GNAT OF THE WEEK: Chi Chi González
7.0 IP, 4 H, 0 R, 2 K vs. Reds on Thursday
Being an MLB hitter is an incredibly demanding job. You work out constantly, spend countless hours in a literal cage, then go to work every day just for thousands of people to vociferously ridicule you if you fail to live up to an impossible standard of success even once. The reward for this treatment, other than fame and fortune, is getting to hit in Coors Field every so often.
Now picture this scenario: you play for the Cincinnati Reds, a middling small-market franchise, trying to break out of an extended slump through the season’s first month-plus — say, Eugenio Suárez. Finally, you make your first trip to Colorado. You feel good, having just won a string of series vs. the Dodgers, Cubs and Pirates, plus splits with the White Sox and in-state rival Indians. The offense has been humming, and now’s your chance to really get going.

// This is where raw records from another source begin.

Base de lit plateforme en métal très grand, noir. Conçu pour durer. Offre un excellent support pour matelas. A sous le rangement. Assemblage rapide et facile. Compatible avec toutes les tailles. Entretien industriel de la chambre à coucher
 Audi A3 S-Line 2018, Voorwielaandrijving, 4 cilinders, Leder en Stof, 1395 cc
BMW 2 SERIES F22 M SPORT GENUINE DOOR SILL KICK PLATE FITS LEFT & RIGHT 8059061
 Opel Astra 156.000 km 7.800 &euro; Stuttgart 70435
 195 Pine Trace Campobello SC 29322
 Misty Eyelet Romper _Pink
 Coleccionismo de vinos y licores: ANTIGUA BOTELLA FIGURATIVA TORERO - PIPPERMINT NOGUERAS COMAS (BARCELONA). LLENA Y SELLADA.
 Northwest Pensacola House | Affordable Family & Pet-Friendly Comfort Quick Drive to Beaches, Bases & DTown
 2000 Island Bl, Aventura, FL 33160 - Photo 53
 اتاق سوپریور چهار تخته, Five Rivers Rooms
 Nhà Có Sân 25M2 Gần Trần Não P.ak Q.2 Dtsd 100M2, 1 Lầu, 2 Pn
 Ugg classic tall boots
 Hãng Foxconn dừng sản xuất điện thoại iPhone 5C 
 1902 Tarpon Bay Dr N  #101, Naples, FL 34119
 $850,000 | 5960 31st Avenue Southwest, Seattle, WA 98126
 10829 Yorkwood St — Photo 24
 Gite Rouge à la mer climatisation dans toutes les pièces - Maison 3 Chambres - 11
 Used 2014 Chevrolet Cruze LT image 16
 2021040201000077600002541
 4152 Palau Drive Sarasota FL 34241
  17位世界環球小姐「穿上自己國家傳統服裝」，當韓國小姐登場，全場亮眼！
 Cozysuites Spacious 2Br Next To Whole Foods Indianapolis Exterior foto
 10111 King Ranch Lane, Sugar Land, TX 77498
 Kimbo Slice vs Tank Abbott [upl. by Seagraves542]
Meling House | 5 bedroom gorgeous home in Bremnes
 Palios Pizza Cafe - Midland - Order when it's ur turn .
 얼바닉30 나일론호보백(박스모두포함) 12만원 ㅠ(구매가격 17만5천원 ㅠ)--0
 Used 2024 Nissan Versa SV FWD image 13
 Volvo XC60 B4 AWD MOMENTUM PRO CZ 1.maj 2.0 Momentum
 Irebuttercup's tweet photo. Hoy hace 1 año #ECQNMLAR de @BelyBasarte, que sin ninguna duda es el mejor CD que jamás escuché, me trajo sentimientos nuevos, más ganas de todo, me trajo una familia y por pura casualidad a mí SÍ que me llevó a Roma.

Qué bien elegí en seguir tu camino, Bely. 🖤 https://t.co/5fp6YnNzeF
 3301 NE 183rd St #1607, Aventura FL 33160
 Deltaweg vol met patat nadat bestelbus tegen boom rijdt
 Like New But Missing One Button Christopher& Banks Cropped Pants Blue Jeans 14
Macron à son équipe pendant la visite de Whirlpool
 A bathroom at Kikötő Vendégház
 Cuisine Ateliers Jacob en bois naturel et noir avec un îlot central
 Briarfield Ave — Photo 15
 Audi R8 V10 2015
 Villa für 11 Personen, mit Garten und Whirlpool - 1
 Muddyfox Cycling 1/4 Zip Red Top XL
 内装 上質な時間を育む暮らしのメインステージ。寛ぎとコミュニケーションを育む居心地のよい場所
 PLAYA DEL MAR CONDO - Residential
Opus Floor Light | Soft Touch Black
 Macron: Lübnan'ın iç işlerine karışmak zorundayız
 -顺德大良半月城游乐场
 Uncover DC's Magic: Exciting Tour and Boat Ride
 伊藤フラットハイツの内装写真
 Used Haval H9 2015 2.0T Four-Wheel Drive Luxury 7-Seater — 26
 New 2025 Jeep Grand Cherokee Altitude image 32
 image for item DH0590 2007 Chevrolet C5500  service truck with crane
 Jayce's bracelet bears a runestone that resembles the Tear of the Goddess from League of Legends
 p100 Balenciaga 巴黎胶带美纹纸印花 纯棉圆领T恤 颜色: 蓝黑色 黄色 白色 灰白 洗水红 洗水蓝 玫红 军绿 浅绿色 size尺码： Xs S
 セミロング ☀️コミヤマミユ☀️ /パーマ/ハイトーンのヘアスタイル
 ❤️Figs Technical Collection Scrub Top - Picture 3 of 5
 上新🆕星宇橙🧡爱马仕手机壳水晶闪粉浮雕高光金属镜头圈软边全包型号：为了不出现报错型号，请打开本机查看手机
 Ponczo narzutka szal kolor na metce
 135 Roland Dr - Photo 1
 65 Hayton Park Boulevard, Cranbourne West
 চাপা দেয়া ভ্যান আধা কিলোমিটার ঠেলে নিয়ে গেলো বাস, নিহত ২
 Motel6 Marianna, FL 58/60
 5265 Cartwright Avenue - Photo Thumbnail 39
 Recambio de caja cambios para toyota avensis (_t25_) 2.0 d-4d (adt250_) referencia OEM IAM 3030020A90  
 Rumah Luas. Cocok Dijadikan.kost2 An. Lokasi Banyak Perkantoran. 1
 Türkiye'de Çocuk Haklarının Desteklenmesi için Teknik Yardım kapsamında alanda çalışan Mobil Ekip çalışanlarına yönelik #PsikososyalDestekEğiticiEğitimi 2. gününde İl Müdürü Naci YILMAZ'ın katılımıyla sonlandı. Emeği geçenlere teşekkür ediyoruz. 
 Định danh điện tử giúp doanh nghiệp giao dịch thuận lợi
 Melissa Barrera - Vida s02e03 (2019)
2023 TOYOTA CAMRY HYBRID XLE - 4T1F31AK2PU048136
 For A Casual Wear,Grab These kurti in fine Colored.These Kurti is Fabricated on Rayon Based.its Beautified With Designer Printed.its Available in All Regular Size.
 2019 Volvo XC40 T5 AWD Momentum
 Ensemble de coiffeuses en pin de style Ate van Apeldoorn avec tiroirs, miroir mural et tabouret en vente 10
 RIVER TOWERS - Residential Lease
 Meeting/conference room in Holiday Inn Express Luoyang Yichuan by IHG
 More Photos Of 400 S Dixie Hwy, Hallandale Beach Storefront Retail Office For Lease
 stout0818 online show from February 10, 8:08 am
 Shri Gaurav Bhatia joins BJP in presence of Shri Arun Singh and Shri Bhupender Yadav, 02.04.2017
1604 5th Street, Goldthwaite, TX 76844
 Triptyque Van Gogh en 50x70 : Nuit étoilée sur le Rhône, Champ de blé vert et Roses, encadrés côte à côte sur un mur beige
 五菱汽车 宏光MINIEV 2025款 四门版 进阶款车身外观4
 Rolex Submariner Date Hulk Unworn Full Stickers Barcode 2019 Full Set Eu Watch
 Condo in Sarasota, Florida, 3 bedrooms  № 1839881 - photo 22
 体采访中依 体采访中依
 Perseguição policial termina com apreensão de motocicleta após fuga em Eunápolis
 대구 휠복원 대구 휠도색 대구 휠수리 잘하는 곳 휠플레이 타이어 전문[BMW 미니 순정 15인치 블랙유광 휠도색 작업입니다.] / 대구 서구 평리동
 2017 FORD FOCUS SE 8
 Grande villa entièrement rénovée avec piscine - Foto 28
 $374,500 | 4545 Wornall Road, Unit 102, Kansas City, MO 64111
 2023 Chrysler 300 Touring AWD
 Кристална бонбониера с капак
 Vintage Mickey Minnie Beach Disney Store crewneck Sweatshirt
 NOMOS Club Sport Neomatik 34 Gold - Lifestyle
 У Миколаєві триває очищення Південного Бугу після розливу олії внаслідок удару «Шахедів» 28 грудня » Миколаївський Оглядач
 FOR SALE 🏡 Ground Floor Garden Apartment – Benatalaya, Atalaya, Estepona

Then the game starts, and you get utterly mowed down, decimated and shut out by a man named Chi Chi. Folks, this is a true story.
Chi Chi González, the 29-year-old right-hander who was DFA’d by the Rockies just five months ago (and re-signed two days later to a minor league contract), was dominant on Thursday against the N.L.’s highest-scoring offense… at home. After giving up seven runs in St. Louis last Saturday, he held the Reds scoreless with just four hits over seven innings, his longest outing since 2015. In one day, he lowered his ERA by more than a full point.
The Reds scored 6 ER off Jack Flaherty and 5 ER off Walker Buehler in starts this season.
The Reds scored 1 ER in 12.1 innings the last two days off Trevor Cahil and Chi Chi Gonzalez.
Oh baseball, you cruel, cruel game.
— ɴɪᴄᴋ ᴋɪʀʙy (@Nicholaspkirby) May 14, 2021
As soon as Chi Chi was lifted in the eighth (to much consternation from the Rockies faithful), the Reds’ bats got going, and they ended up scoring eight runs in the final two innings. They still lost, 13-8. Suárez went 0-4. In professional circles, I hear that’s what they call “the Chi Chi effect.”
Twitter has apparently come together to stop evidence of this momentous event from getting out, but you can check out his highlights on the Rockies website. It really happened, I swear. Congratulations to Chi Chi!
Oh, and if you happen to see a Reds hitter on the street, give them a hug. They may need it.